In a long conflict waged by men, she has been a rare female warlord, defending her fief in northern Afghanistan against the Taliban, her own relatives and even against the US-backed central government she allied with.

As she grew into her 70s, ailing and bedridden with bad knees, the warlord, Bibi Ayesha, took pride in having an undefeated record in decades of war. She is popularly known by a nom de guerre: Commander Kaftar, which means “pigeon” in Farsi, “because she moved and killed with the elegance of a bird,” as one profile put it.

On Thursday, the Taliban declared the end of her high-flying days: Kaftar, along with her men, had surrendered to them, they said in a statement.

“The officials of our Invite and Guidance Commission welcomed them,” the statement said.

Local officials in restive Baghlan province, where she is based, and her relatives confirmed the commander’s surrender and said it was an act of survival. Her valley was so surrounded, with other neighbouring militias switching sides to the Taliban, that she had no choice.

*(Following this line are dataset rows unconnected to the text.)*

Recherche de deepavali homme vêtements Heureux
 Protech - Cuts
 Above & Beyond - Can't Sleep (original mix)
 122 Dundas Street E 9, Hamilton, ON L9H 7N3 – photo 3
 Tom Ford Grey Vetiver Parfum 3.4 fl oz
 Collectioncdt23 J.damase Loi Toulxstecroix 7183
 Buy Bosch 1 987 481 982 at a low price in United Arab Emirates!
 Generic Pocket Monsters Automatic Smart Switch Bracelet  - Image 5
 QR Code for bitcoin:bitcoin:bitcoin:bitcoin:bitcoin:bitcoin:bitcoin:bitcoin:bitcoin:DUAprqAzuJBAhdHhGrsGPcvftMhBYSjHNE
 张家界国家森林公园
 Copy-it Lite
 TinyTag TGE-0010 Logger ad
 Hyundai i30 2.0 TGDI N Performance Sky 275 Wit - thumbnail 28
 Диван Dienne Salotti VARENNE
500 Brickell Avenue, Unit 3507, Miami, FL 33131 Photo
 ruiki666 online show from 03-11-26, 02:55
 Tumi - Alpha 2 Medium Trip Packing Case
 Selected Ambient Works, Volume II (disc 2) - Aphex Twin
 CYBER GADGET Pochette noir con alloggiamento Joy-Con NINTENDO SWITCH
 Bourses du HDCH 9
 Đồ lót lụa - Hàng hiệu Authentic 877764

Mohammad Hanif Kohgadai, a member of the Baghlan provincial council representing Kaftar’s district, said she had reached a deal through a Taliban commander related to her family.

“The Taliban spent the night at Commander Kaftar’s house, they ate there,” Kohgadai said in an interview Friday. “Today, they left the house and took with them 13 weapons and other military gear.”

One of Kaftar’s sons played down the episode, saying it was more a truce than a surrender.

“It is just a rumour. My mother is sick,” said Raz Mohammad, one of her three remaining sons. (Three others were killed in years of fighting.) “She hasn’t joined the Taliban. We don’t fight the Taliban anymore; we have weapons to protect ourselves from our enemies.”

Kaftar’s surrender brings little to the Taliban militarily but is another propaganda victory against the struggling Afghan government, suggesting that in a bloody, stalemated war some were switching sides to the insurgents. The Taliban have increasingly reached out to those disenchanted with the Afghan government as the country’s military struggles amid the continuing US withdrawal.